Foreign Minister, Dee-Maxwell Saah Kemayah, Sr., has disclosed that there is evidence that secured tenure and ownership is good for responsible land and natural resource governance and management, stating that this is because when the rights of the people to own their land is guaranteed they are encouraged to invest in that land and to manage it in ways that their unborn children will inherit good quality land for their own development.

   “We believe that it will also encourage people across rural Liberia to invest more in the agriculture sector; especially for cash crop production, because their investment will be protected by law,” Minister Kemayah indicated.

   Serving as keynote speaker at the Customary Land Formalization National Learning and Experience Sharing Conference, organized by the Liberia Land Authority (LLA) and partners and held on February 25, 2021 at the Ministerial Complex in Congo Town, Ambassador Kemayah, on behalf of His Excellency, President George Manneh Weah, and the entire government, extended heartfelt thanks to all stakeholders who are working with the Land Authority to support Customary Land formalization.
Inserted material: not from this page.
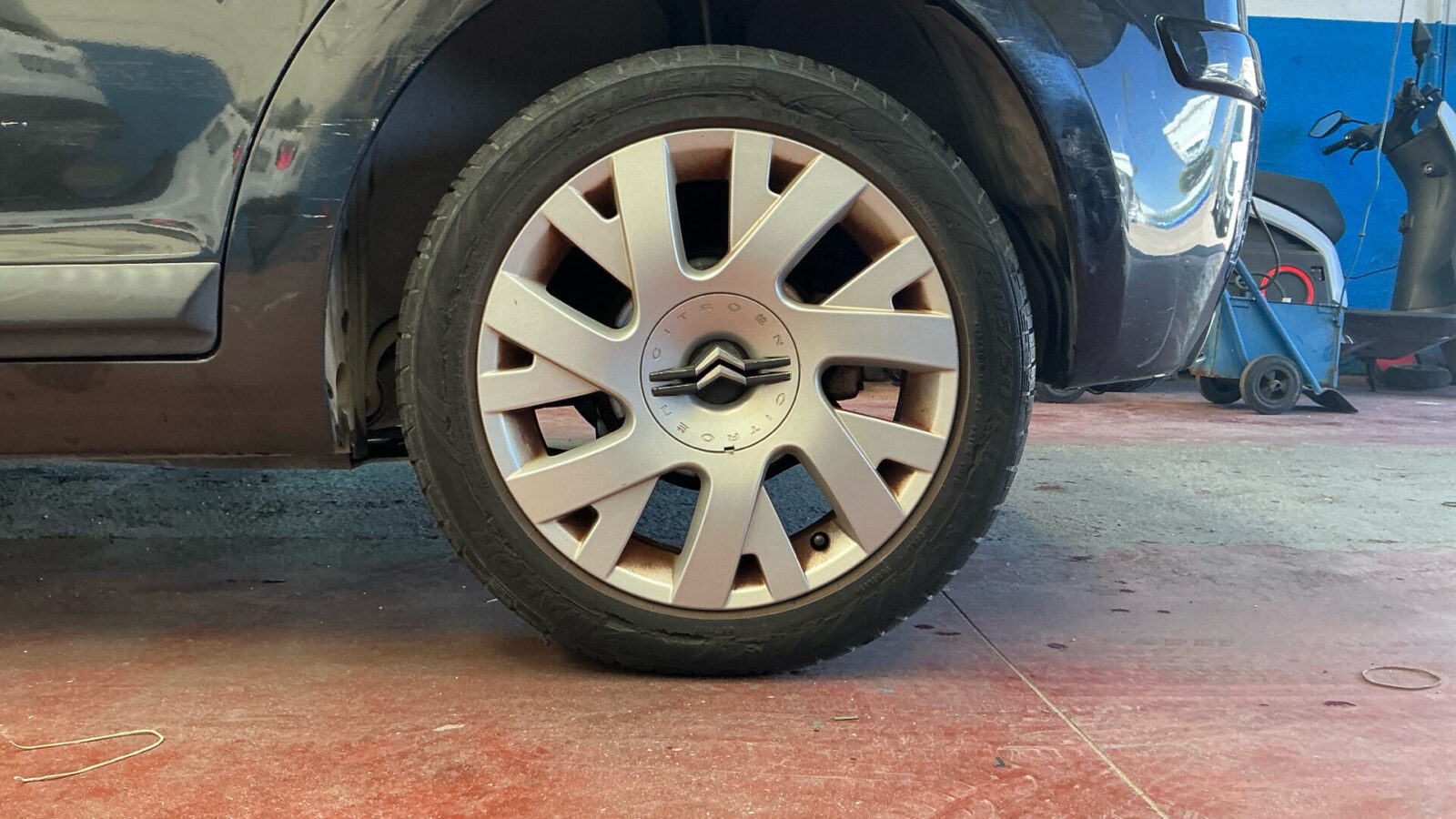 CITROEN C4 1.6i VTR Plus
   Customary land formalization creates a pathway for the rural population to enter into the formal economy to engage with financial institutions and the wider private sector, and enter into mutually beneficial business relationships.

   “On behalf of His Excellency, Dr. George Manneh Weah, President of the Republic of Liberia, I assure that this government is committed to supporting the Land Authority and its civil society and international development partners to scale up customary land formalization across the country,” Minister Kemayah said.
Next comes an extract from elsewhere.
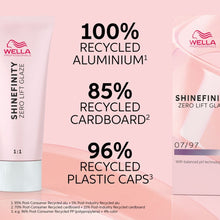 Încarcă imaginea în Galerie, Wella Professionals Shinefinity Zero Lift Glaze 07/97 Mocha Beige – Vopsea Demipermanenta 60ml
   “We remain committed to this process, because we believe, without any doubt, that customary land formalization provides a solid foundation on which, as a country, we are building our pursuit of inclusive development, peace and shared prosperity,” Foreign Minister Kemayah assured the participants at the conference.
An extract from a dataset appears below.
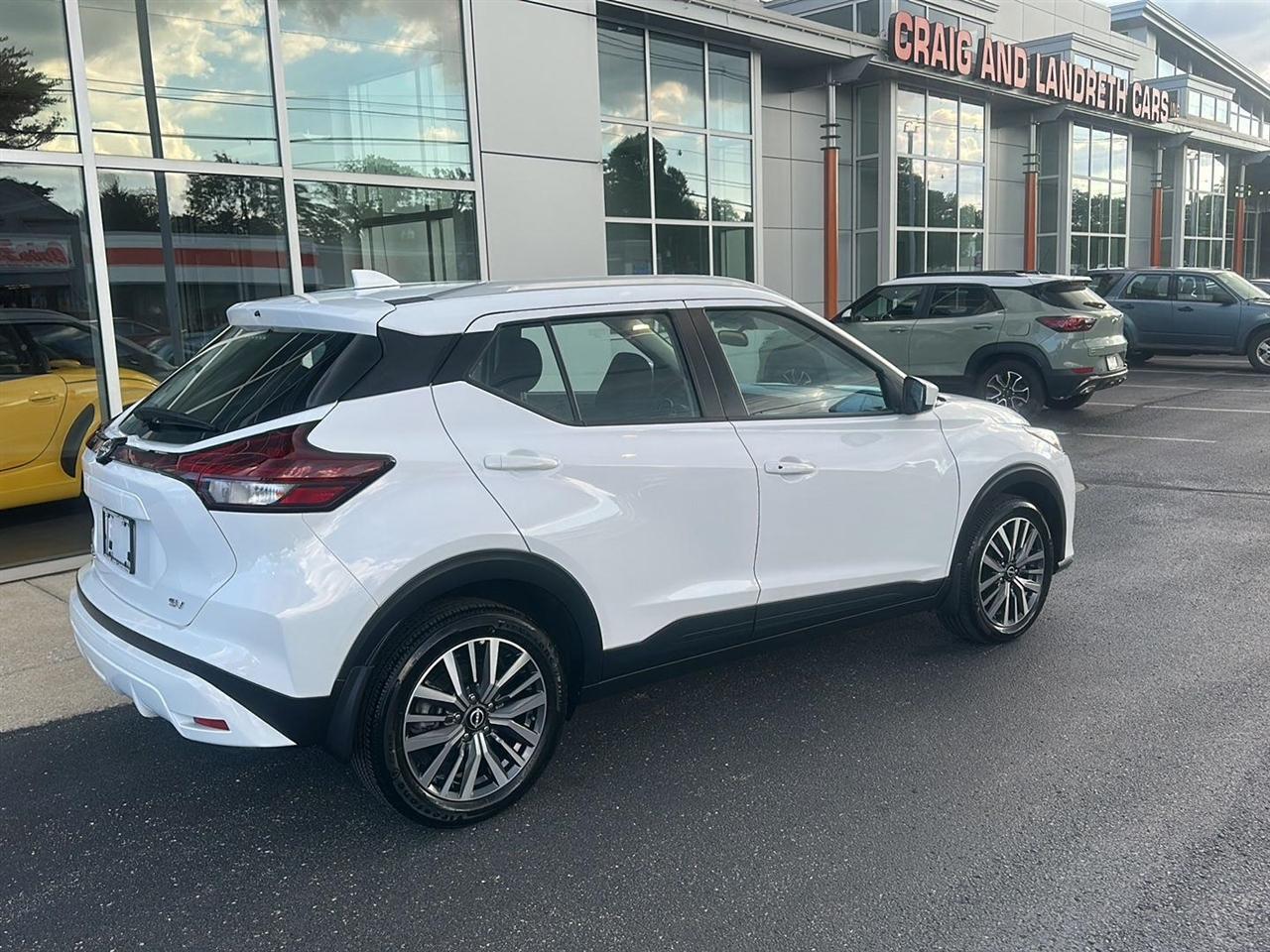 Nissan Kicks SV 2024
   The Foreign Minister said stakeholders have made significant strides in implementing the law. “I am particularly pleased to note that nationally civil society organizations are actively supporting more than 82 communities, covering more than 1.3 million hectares of land in 10 counties to formalize their land rights and secure deeds for their collective land. These efforts are benefiting more than 350,000 people directly and indirectly.”

   Speaking earlier, the Swedish Ambassador to Liberia, Ambassador Ingrid Wetterqvist, said they advise the communities, the public, the private and development partners to review the implementation of the customary land formalization in order to exonerate glaring development and recommendations and consolidate for future efforts.

   “Why is Sweden engaged in Liberia’s land reform? There are many challenges regarding land reform. We also strongly believe that there are opportunities that exist for Liberia to overcome these challenges to optimize its significant potentials to reduce poverty and conflict, promoting every cultural and economic developments. Some of the challenges include inadequate infrastructure and capacitie,” Ambassador Wetterqvist intoned.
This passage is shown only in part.